▸ **WHAT YOU NEED TO DO**:
Among these records, which lines include "Cable"? Copy them out.

▸ **EXTRACTED INFORMATION**:
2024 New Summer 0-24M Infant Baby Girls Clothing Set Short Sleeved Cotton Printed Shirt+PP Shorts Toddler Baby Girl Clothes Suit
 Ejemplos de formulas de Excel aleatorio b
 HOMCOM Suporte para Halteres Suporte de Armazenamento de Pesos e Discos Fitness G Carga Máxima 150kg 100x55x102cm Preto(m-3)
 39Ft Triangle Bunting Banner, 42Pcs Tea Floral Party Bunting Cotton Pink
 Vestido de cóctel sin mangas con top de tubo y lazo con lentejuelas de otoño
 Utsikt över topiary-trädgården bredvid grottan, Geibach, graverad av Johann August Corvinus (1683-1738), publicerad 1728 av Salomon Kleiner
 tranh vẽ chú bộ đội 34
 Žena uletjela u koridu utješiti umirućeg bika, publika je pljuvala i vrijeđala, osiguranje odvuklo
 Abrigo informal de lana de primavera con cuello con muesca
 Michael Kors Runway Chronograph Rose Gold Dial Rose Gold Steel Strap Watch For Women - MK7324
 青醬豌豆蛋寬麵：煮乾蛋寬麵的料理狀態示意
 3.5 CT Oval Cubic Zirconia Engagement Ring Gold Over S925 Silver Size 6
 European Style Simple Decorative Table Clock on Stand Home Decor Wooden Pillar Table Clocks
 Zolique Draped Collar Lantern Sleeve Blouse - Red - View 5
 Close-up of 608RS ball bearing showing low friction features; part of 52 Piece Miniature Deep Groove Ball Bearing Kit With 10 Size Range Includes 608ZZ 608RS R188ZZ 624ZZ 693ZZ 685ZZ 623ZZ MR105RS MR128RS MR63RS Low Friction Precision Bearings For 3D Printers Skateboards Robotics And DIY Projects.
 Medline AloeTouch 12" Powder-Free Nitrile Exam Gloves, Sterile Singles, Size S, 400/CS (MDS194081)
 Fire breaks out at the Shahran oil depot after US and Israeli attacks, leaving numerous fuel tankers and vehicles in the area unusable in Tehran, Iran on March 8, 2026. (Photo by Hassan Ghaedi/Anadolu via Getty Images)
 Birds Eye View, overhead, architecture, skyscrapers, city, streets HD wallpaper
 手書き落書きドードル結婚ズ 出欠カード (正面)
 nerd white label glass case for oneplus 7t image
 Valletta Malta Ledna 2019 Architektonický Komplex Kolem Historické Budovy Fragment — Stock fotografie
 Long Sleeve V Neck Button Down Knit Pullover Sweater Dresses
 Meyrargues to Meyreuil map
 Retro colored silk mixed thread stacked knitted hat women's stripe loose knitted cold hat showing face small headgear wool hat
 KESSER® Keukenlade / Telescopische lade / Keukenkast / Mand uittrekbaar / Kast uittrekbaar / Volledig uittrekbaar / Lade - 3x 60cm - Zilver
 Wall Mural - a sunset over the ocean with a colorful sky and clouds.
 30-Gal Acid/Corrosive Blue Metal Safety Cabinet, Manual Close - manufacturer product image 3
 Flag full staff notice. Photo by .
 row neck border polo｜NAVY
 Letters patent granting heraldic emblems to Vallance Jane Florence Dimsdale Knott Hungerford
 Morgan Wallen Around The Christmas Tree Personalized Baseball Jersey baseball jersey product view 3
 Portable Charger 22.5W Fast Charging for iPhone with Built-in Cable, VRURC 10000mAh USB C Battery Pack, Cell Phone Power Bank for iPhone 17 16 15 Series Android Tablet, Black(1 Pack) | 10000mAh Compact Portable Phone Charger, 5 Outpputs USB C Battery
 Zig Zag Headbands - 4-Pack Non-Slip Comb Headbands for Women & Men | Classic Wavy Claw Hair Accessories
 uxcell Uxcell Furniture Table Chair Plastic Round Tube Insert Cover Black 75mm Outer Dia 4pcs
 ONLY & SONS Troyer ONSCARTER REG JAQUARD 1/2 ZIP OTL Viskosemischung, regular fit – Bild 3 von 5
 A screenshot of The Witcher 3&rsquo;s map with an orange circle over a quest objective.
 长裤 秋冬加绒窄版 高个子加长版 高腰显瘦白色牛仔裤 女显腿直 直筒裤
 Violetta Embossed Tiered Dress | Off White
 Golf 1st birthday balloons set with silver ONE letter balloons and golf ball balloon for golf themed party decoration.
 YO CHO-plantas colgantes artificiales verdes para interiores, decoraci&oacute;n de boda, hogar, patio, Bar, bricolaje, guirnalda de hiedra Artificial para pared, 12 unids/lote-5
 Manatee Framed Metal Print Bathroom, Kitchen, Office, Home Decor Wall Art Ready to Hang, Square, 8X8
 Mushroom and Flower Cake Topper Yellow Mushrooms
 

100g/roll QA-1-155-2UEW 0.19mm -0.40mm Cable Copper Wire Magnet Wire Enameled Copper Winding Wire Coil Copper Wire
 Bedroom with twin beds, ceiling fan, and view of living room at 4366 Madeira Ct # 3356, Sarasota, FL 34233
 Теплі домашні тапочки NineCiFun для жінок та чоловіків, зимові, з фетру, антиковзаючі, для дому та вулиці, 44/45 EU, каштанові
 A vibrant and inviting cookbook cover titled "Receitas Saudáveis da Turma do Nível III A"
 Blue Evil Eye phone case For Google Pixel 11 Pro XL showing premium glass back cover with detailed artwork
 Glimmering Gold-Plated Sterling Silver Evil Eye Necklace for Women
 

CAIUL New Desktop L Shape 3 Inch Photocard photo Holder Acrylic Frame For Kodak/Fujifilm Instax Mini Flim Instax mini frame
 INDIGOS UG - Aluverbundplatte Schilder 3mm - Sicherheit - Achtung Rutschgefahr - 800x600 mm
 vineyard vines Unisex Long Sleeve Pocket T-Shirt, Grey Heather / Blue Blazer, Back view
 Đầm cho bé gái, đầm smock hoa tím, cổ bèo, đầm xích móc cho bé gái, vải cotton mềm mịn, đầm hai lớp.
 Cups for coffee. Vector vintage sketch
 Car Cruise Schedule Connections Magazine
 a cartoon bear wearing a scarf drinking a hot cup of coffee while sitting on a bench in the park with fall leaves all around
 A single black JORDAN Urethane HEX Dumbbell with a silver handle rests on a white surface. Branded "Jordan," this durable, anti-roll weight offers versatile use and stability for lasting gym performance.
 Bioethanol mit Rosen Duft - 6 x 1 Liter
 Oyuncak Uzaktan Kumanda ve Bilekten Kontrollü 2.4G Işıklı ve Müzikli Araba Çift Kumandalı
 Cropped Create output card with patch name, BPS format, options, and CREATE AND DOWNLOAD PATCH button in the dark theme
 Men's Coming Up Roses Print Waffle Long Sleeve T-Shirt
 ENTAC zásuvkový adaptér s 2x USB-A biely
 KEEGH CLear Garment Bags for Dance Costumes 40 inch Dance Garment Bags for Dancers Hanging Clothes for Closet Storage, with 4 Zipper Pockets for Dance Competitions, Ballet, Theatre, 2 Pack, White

▸ **ANSWER TO THIS TASK**:
 Portable Charger 22.5W Fast Charging for iPhone with Built-in Cable, VRURC 10000mAh USB C Battery Pack, Cell Phone Power Bank for iPhone 17 16 15 Series Android Tablet, Black(1 Pack) | 10000mAh Compact Portable Phone Charger, 5 Outpputs USB C Battery
100g/roll QA-1-155-2UEW 0.19mm -0.40mm Cable Copper Wire Magnet Wire Enameled Copper Winding Wire Coil Copper Wire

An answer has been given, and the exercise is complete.